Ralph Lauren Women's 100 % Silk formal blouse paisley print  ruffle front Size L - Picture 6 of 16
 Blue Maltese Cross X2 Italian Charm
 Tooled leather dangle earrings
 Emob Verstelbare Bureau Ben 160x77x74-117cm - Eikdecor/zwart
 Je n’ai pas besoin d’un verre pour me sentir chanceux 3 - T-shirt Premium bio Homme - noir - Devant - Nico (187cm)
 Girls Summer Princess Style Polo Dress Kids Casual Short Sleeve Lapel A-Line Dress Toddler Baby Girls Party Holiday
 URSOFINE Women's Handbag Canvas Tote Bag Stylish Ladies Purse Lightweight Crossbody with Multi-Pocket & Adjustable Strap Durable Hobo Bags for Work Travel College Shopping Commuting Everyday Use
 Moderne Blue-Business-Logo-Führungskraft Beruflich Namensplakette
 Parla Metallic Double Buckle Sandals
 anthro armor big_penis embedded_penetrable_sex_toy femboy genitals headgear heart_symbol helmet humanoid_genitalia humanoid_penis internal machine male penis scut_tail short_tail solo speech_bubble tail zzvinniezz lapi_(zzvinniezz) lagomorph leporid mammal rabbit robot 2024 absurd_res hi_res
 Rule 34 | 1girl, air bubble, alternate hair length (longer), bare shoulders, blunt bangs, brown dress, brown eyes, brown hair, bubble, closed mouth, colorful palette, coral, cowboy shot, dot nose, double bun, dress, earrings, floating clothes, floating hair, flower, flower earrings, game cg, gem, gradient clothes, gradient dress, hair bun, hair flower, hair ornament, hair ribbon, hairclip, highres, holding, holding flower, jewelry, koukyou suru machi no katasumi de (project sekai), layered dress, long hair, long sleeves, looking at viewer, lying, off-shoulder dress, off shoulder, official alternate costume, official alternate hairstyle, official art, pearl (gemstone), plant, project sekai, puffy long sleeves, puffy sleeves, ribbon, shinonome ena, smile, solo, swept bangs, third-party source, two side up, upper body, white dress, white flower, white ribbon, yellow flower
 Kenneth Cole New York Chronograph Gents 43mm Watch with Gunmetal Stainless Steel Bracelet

########

Your reply should hold every line from the data that contains "with", copied in full.

● **RESPONSE TO THIS EXERCISE**
 URSOFINE Women's Handbag Canvas Tote Bag Stylish Ladies Purse Lightweight Crossbody with Multi-Pocket & Adjustable Strap Durable Hobo Bags for Work Travel College Shopping Commuting Everyday Use
 Kenneth Cole New York Chronograph Gents 43mm Watch with Gunmetal Stainless Steel Bracelet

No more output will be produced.